Mud, muck set off climate alarm at stormy Burning Man in Nevada

Burning Man 2023

Stringr via AP

In this image from video provided by Stringr, festival goers are helped off a truck from the Burning Man festival site in Black Rock, Nev., on Monday, Sept. 4, 2023. An unusual late-summer storm stranded thousands at the week-long event.

The more things change, the more they stay the same.

How many times have you heard that one? There is a reason we hear it from generation to generation and from person to person as a way of explaining the obvious.

Because it used to be true!

Now, I don’t know if this is one of those immutable, never-changing, set-in-stone kind of sayings that has constantly defined the human condition because if it is, it doesn’t feel that way anymore.

By way of explanation, let’s start with the change in climate. No one, other than a few people stuck in reverse on the Fox News Channel, believes that our climate isn’t changing. Just how much is caused by human activity may be up for debate around the edges, but the fact that man has contributed mightily to what may be our own sped-up demise at the hands of Mother Nature is not in dispute.

To prove my point, we don’t have to look at the science of climate, which has just recorded the three hottest months in the history of the world with the certainty of many more months and years to come.

And I quote from most reputable sources: “Global sea surface temperatures are at unprecedented highs for the third consecutive month.” And, “The global annual average atmospheric carbon dioxide concentration ... was 50% greater than the pre-industrial level ... the highest measured amount in the modern observational records as well as in paleoclimatic records dating back as far as 800,000 years.”

No, we don’t have to pay attention to what all the scientists are telling us. Even though that is what we have always done. That’s the part about things staying the same through periods of great change. Instead, we seem to be ignoring science as a matter of right — far right — as in Florida, where ocean water temperatures are higher and the resulting hurricanes are stronger, and the damage more devastating than ever.

But we are not in Florida or anywhere — thankfully — where destruction from climate change continues on its increasingly deadly path.

Wait, check that last statement.

We are in Nevada, where the worst that happens on a yearly basis is a 40-foot man getting burned to the ground in an artistic ritual witnessed by tens of thousands of people from all over the world who have nothing better to do than tune-in and drop-out for a few days.

And they do this in the middle of the Nevada desert hundreds of miles from nowhere, where nothing happens and nothing has happened for the past million years or so.
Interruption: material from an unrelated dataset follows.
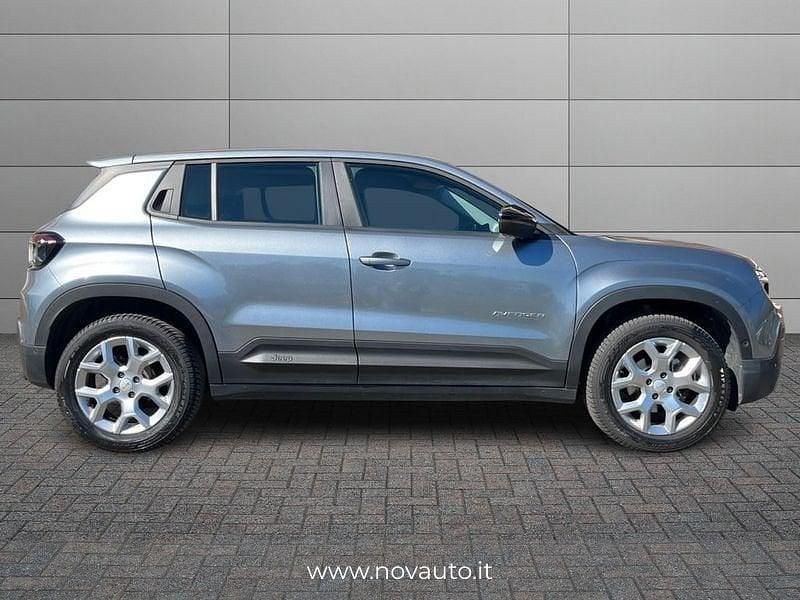 Usata Jeep Avenger Altitude 101 CV (74 kW) 2023 Argento SUV
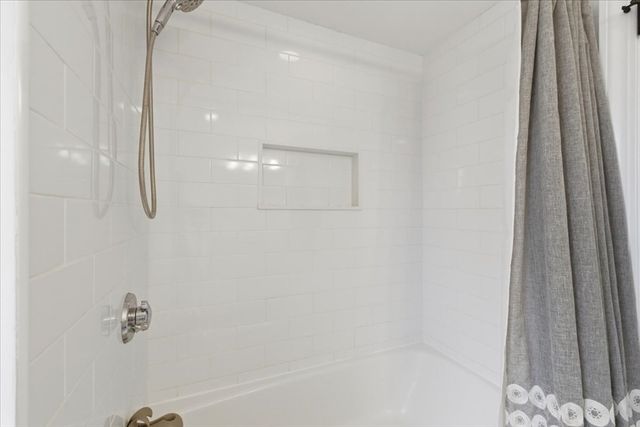 80 Willard St, Dedham, MA 02026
Talk about things never changing and staying the same!

That is until last week. Did you hear the one about the Burning Man who was knee deep in mud and unable to move?

Yep, somehow the winds and rains of change managed to find some 70,000 people holed up in the desert in some really fancy campers — very few of which could drive through the mud — and ruined what was otherwise supposed to be the annual communing with the very nature of man.

In rains that poured months’ worth of water onto the desert floor in a matter of hours, man witnessed firsthand the “science” of climate change and the potential for harm to our species that such change portends.

The question is: Will things continue to remain the same — as in we do nothing but talk with no significant action — or will man, woman and anyone else who denies our part in this slow-rolling destruction of our planet finally change their ways and demand action?

In the end, the people climbed out of the mud and the muck and burned that 40-foot man down.

It was just as they have done for decades.

On a land which time seems to have forgotten except for once a year, what happened this year will probably never be forgotten. Was that “things staying the same” in the face of great change?

I hope not. We should all hope not because out here in Nevada, we should be smart enough to learn our lesson the first time it buries us in mud.